## Exercise aim:
Provide again, from the entries below, every line from the one containing "Gentle Souls by Kenneth Cole Suede Booties" through the one containing "2 dead after", exactly as written, and no other line.

## Given entries:
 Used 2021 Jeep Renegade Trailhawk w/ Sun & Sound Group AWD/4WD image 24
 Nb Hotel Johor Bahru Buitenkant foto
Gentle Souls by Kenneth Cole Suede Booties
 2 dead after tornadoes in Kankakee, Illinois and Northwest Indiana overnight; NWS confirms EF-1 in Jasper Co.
==
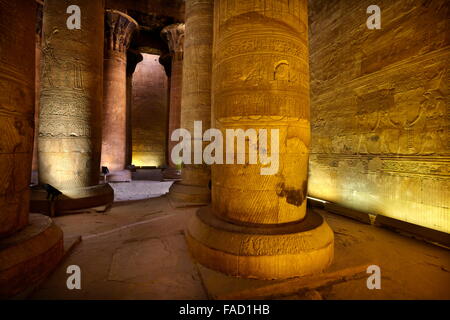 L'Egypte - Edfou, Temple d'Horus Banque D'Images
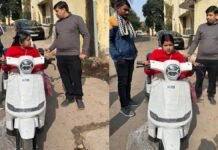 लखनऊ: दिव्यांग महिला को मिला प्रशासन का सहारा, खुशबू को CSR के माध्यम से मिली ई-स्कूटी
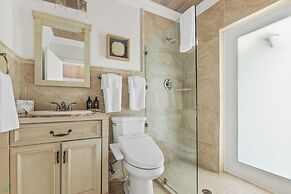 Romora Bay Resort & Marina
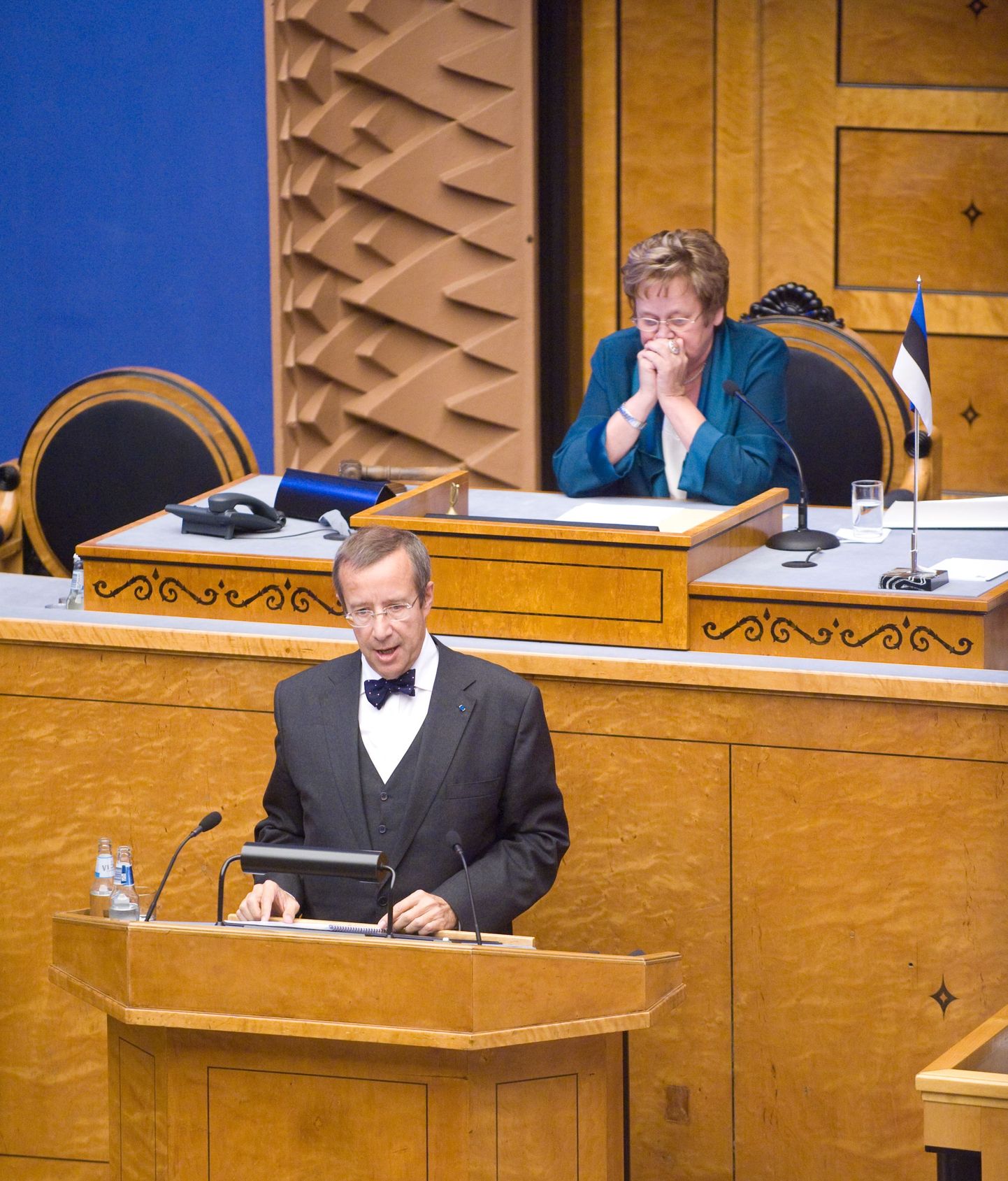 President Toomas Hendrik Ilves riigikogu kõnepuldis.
---
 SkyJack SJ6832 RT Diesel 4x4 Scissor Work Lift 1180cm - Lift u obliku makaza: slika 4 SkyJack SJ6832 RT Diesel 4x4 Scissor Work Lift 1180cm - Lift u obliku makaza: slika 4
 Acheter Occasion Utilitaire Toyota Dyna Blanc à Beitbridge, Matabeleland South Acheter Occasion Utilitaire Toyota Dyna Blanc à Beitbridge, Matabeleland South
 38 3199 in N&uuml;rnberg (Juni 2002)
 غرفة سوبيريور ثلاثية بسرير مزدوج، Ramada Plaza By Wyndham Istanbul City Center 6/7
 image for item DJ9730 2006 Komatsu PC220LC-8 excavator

## Exercise result:
Gentle Souls by Kenneth Cole Suede Booties
 2 dead after tornadoes in Kankakee, Illinois and Northwest Indiana overnight; NWS confirms EF-1 in Jasper Co.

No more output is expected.